Data Breach
Problem description
Your email address and possibly other personal data related to it has been stolen or accidentally exposed from a database. Usually, this happens when you provide your email address and other personal data to a company or organization when you subscribe to a service, and that company or organization then gets hacked or otherwise fails to protect your personal data adequately.
Along with your email address, a data breach may include personal information such as passwords, home addresses, phone numbers or credit card numbers, depending what information you have given to the service and what has been exposed. Breached data can be published online or used by hackers for bad purposes.
Information about these kinds of data breaches along with exposed email addresses are collected by a widely-publicized and credible data breach reporting service Have I Been Pwned, operated by security researcher Troy Hunt. You can read more about the data breaches collected by them at Who's been pwned. You can also learn more about data breaches in general in their FAQ.
Suggestions for repair
Since the data breach has already occurred, the most important thing is to stay calm. Many of the reported data breaches happened a long time ago. In most of the reported data breaches, the company or organization from where your data got stolen has already sent you a notification about the breach, asking you to protect your account by changing your password and providing other advice on how to stay safe. If you have done these things after the breach occurred, you should be quite safe. Your information can of course still be found among the breached data, but your account is protected from abuse.
If you have not known about the breach or if you have not yet acted according to the instructions, you should go to the affected service and change your password immediately.
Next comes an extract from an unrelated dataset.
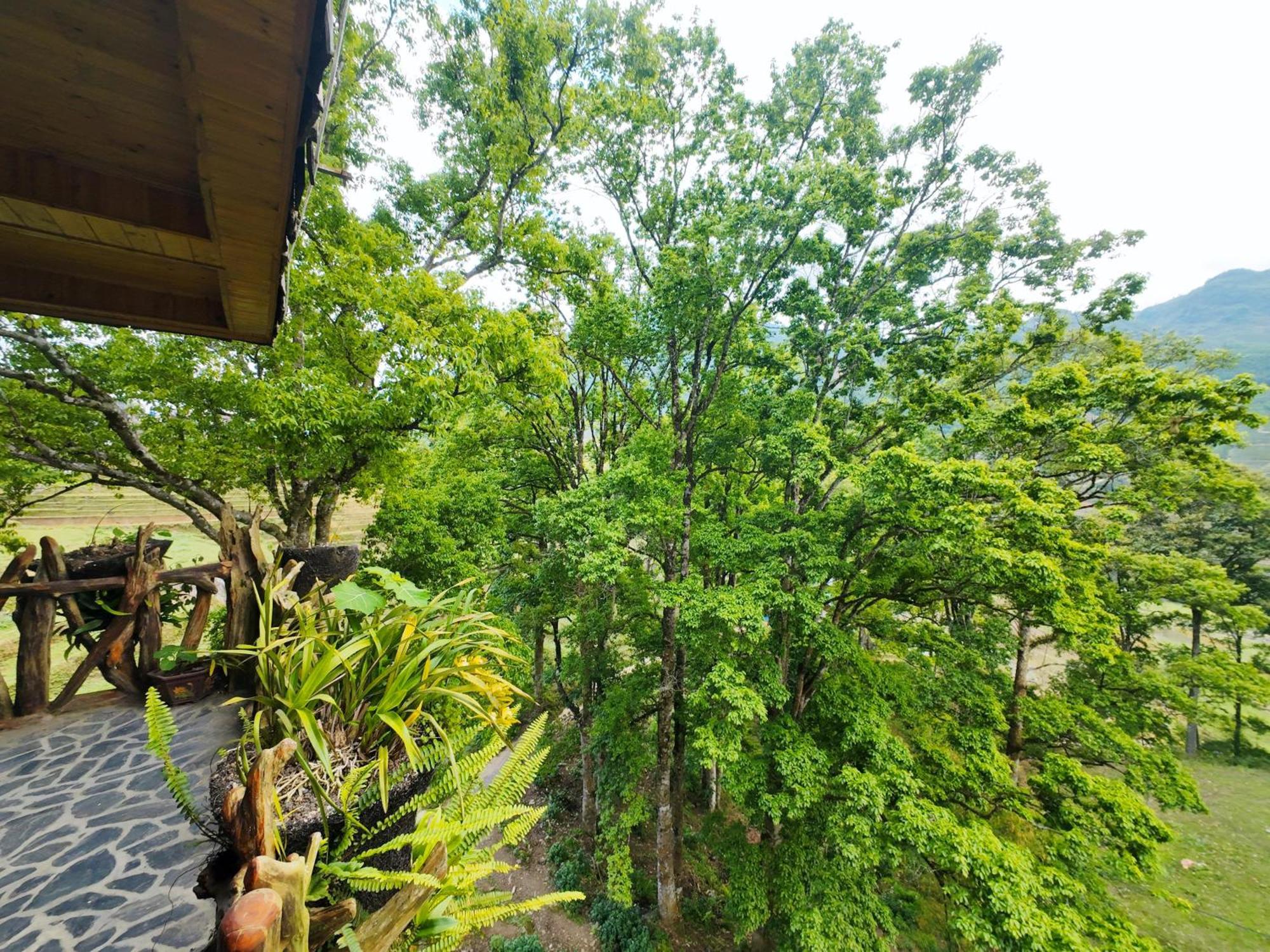 Hotel Mt House Sapa Exterior foto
If you have been using the same password in other services, you should change those passwords too. In general, you should always use a different password for different services, so that data stolen from one service provider cannot be used to hack your other services.
Protecting against future data breaches
There are many other common-sense things you can do to protect against data breaches in the future. These are a few well-proven suggestions:
- Use hard-to-guess passwords. Do not use common words (e.g., your own name) or numbers (1234). Use random words or characters, with punctuation marks and numbers thrown in to further reduce guessability.
- Use a password manager application to generate and store good passwords on your behalf.
- Use two-factor authentication in services that support it. That way, if an attacker gets hold of your password, they still cannot access your account easily.